» **TASK REQUIREMENTS**
Copy the data exactly.

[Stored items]
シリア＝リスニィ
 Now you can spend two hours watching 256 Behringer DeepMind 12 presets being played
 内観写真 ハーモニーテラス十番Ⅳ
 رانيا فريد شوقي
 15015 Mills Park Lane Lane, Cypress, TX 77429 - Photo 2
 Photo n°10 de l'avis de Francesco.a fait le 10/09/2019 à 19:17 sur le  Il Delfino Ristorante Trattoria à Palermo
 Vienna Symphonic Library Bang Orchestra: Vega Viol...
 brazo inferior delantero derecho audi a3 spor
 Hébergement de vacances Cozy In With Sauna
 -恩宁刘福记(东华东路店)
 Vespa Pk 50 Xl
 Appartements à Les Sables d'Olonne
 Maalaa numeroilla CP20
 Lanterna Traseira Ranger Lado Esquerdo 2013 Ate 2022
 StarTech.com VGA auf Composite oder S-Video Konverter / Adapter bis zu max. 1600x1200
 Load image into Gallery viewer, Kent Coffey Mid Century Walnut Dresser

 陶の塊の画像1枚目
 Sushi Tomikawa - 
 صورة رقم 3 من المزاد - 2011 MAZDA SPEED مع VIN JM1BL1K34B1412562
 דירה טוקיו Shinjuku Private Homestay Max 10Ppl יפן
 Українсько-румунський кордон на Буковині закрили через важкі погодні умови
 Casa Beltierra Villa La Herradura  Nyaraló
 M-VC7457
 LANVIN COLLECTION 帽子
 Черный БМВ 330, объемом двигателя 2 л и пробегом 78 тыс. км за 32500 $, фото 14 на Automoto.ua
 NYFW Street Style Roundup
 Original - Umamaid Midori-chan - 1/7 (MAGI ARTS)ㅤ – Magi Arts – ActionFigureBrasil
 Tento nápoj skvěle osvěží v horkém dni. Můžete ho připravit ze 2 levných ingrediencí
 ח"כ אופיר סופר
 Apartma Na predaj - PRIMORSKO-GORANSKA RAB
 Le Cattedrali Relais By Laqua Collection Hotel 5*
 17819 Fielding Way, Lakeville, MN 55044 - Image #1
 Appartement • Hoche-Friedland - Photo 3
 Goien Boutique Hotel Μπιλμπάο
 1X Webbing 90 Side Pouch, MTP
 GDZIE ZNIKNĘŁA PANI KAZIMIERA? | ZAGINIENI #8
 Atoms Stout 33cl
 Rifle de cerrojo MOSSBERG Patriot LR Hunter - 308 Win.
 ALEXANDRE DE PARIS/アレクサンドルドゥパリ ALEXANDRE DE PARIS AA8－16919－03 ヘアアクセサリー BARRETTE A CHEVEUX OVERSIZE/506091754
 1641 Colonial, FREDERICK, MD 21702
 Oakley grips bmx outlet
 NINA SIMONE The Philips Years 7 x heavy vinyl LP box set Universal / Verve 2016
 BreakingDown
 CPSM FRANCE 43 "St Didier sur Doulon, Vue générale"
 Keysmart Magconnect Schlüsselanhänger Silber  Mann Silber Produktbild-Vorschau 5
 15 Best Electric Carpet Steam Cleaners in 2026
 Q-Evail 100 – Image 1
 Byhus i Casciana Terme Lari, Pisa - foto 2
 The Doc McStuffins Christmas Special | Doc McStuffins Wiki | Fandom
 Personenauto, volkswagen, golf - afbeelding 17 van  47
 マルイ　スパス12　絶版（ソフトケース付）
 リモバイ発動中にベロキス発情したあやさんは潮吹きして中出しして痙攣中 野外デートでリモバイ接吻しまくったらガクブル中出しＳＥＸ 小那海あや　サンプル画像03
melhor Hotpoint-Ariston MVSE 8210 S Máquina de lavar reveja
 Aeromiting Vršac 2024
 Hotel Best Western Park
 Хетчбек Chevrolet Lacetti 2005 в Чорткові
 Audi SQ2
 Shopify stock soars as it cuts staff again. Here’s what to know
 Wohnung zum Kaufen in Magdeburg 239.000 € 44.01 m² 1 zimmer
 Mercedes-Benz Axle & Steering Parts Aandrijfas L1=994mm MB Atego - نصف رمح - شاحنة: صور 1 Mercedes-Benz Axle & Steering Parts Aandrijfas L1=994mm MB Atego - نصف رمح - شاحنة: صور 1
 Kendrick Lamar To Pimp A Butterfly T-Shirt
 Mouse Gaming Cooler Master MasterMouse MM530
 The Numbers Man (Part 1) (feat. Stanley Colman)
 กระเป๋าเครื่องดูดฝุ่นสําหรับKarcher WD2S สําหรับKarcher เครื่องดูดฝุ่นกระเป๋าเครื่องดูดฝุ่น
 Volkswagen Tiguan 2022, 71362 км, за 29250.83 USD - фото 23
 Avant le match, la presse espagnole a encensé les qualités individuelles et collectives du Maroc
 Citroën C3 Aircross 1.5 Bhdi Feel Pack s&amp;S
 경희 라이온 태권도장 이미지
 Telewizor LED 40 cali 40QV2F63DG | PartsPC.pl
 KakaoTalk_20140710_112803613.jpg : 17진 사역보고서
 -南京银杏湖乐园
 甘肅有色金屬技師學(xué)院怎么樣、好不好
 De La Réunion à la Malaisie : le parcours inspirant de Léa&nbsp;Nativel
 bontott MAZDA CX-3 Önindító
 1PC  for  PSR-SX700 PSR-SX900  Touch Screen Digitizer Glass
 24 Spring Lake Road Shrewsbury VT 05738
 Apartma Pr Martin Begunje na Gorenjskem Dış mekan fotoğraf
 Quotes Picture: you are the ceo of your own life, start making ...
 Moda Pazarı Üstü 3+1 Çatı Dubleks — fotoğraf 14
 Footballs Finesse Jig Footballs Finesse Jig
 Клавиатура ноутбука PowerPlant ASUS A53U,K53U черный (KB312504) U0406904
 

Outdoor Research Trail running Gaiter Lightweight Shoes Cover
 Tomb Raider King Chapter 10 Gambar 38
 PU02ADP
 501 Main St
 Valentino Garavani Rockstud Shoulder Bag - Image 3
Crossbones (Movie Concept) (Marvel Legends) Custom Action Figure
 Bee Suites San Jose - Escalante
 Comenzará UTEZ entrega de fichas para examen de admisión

» **SOLVED PROBLEM**
シリア＝リスニィ
 Now you can spend two hours watching 256 Behringer DeepMind 12 presets being played
 内観写真 ハーモニーテラス十番Ⅳ
 رانيا فريد شوقي
 15015 Mills Park Lane Lane, Cypress, TX 77429 - Photo 2
 Photo n°10 de l'avis de Francesco.a fait le 10/09/2019 à 19:17 sur le  Il Delfino Ristorante Trattoria à Palermo
 Vienna Symphonic Library Bang Orchestra: Vega Viol...
 brazo inferior delantero derecho audi a3 spor
 Hébergement de vacances Cozy In With Sauna
 -恩宁刘福记(东华东路店)
 Vespa Pk 50 Xl
 Appartements à Les Sables d'Olonne
 Maalaa numeroilla CP20
 Lanterna Traseira Ranger Lado Esquerdo 2013 Ate 2022
 StarTech.com VGA auf Composite oder S-Video Konverter / Adapter bis zu max. 1600x1200
 Load image into Gallery viewer, Kent Coffey Mid Century Walnut Dresser

 陶の塊の画像1枚目
 Sushi Tomikawa - 
 صورة رقم 3 من المزاد - 2011 MAZDA SPEED مع VIN JM1BL1K34B1412562
 דירה טוקיו Shinjuku Private Homestay Max 10Ppl יפן
 Українсько-румунський кордон на Буковині закрили через важкі погодні умови
 Casa Beltierra Villa La Herradura  Nyaraló
 M-VC7457
 LANVIN COLLECTION 帽子
 Черный БМВ 330, объемом двигателя 2 л и пробегом 78 тыс. км за 32500 $, фото 14 на Automoto.ua
 NYFW Street Style Roundup
 Original - Umamaid Midori-chan - 1/7 (MAGI ARTS)ㅤ – Magi Arts – ActionFigureBrasil
 Tento nápoj skvěle osvěží v horkém dni. Můžete ho připravit ze 2 levných ingrediencí
 ח"כ אופיר סופר
 Apartma Na predaj - PRIMORSKO-GORANSKA RAB
 Le Cattedrali Relais By Laqua Collection Hotel 5*
 17819 Fielding Way, Lakeville, MN 55044 - Image #1
 Appartement • Hoche-Friedland - Photo 3
 Goien Boutique Hotel Μπιλμπάο
 1X Webbing 90 Side Pouch, MTP
 GDZIE ZNIKNĘŁA PANI KAZIMIERA? | ZAGINIENI #8
 Atoms Stout 33cl
 Rifle de cerrojo MOSSBERG Patriot LR Hunter - 308 Win.
 ALEXANDRE DE PARIS/アレクサンドルドゥパリ ALEXANDRE DE PARIS AA8－16919－03 ヘアアクセサリー BARRETTE A CHEVEUX OVERSIZE/506091754
 1641 Colonial, FREDERICK, MD 21702
 Oakley grips bmx outlet
 NINA SIMONE The Philips Years 7 x heavy vinyl LP box set Universal / Verve 2016
 BreakingDown
 CPSM FRANCE 43 "St Didier sur Doulon, Vue générale"
 Keysmart Magconnect Schlüsselanhänger Silber  Mann Silber Produktbild-Vorschau 5
 15 Best Electric Carpet Steam Cleaners in 2026
 Q-Evail 100 – Image 1
 Byhus i Casciana Terme Lari, Pisa - foto 2
 The Doc McStuffins Christmas Special | Doc McStuffins Wiki | Fandom
 Personenauto, volkswagen, golf - afbeelding 17 van  47
 マルイ　スパス12　絶版（ソフトケース付）
 リモバイ発動中にベロキス発情したあやさんは潮吹きして中出しして痙攣中 野外デートでリモバイ接吻しまくったらガクブル中出しＳＥＸ 小那海あや　サンプル画像03
melhor Hotpoint-Ariston MVSE 8210 S Máquina de lavar reveja
 Aeromiting Vršac 2024
 Hotel Best Western Park
 Хетчбек Chevrolet Lacetti 2005 в Чорткові
 Audi SQ2
 Shopify stock soars as it cuts staff again. Here’s what to know
 Wohnung zum Kaufen in Magdeburg 239.000 € 44.01 m² 1 zimmer
 Mercedes-Benz Axle & Steering Parts Aandrijfas L1=994mm MB Atego - نصف رمح - شاحنة: صور 1 Mercedes-Benz Axle & Steering Parts Aandrijfas L1=994mm MB Atego - نصف رمح - شاحنة: صور 1
 Kendrick Lamar To Pimp A Butterfly T-Shirt
 Mouse Gaming Cooler Master MasterMouse MM530
 The Numbers Man (Part 1) (feat. Stanley Colman)
 กระเป๋าเครื่องดูดฝุ่นสําหรับKarcher WD2S สําหรับKarcher เครื่องดูดฝุ่นกระเป๋าเครื่องดูดฝุ่น
 Volkswagen Tiguan 2022, 71362 км, за 29250.83 USD - фото 23
 Avant le match, la presse espagnole a encensé les qualités individuelles et collectives du Maroc
 Citroën C3 Aircross 1.5 Bhdi Feel Pack s&amp;S
 경희 라이온 태권도장 이미지
 Telewizor LED 40 cali 40QV2F63DG | PartsPC.pl
 KakaoTalk_20140710_112803613.jpg : 17진 사역보고서
 -南京银杏湖乐园
 甘肅有色金屬技師學(xué)院怎么樣、好不好
 De La Réunion à la Malaisie : le parcours inspirant de Léa&nbsp;Nativel
 bontott MAZDA CX-3 Önindító
 1PC  for  PSR-SX700 PSR-SX900  Touch Screen Digitizer Glass
 24 Spring Lake Road Shrewsbury VT 05738
 Apartma Pr Martin Begunje na Gorenjskem Dış mekan fotoğraf
 Quotes Picture: you are the ceo of your own life, start making ...
 Moda Pazarı Üstü 3+1 Çatı Dubleks — fotoğraf 14
 Footballs Finesse Jig Footballs Finesse Jig
 Клавиатура ноутбука PowerPlant ASUS A53U,K53U черный (KB312504) U0406904
 

Outdoor Research Trail running Gaiter Lightweight Shoes Cover
 Tomb Raider King Chapter 10 Gambar 38
 PU02ADP
 501 Main St
 Valentino Garavani Rockstud Shoulder Bag - Image 3
Crossbones (Movie Concept) (Marvel Legends) Custom Action Figure
 Bee Suites San Jose - Escalante
 Comenzará UTEZ entrega de fichas para examen de admisión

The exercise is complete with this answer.